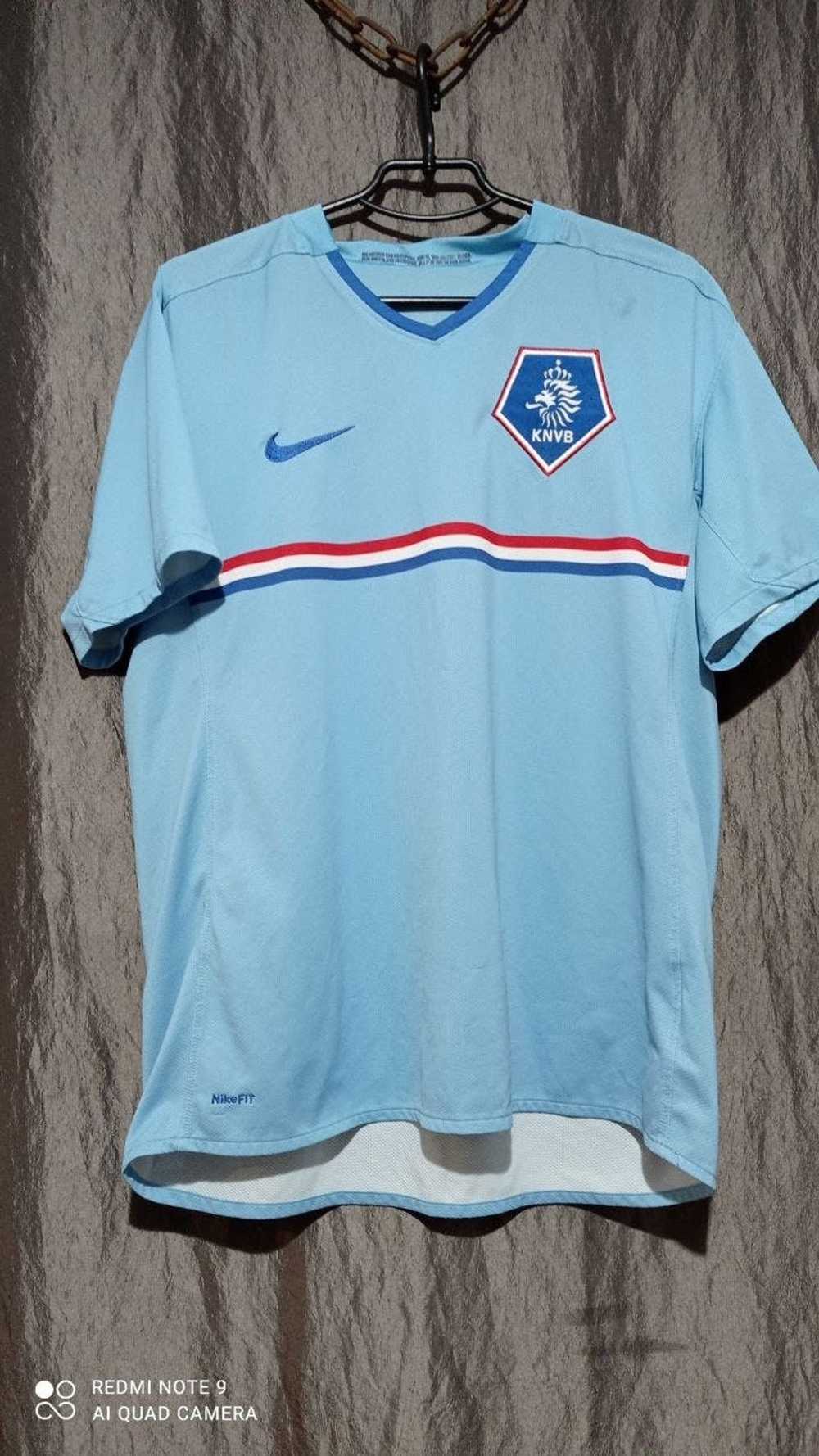 Jersey × Nike × Soccer Jersey 2008-09 Holland Nik… - image 2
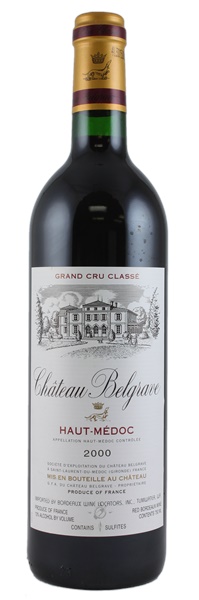 2000 Château Belgrave, 750ml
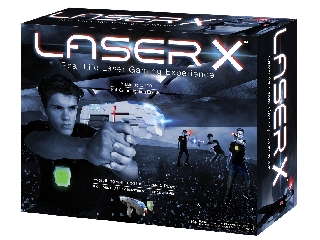 Laser-X infravörös pisztoly 1 darabos készlet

================

Exercise ->
Copy out every line of the material above exactly, skipping the pictures.

Solved exercise ->
 Jersey × Nike × Soccer Jersey 2008-09 Holland Nik… - image 2
 2000 Château Belgrave, 750ml
 Laser-X infravörös pisztoly 1 darabos készlet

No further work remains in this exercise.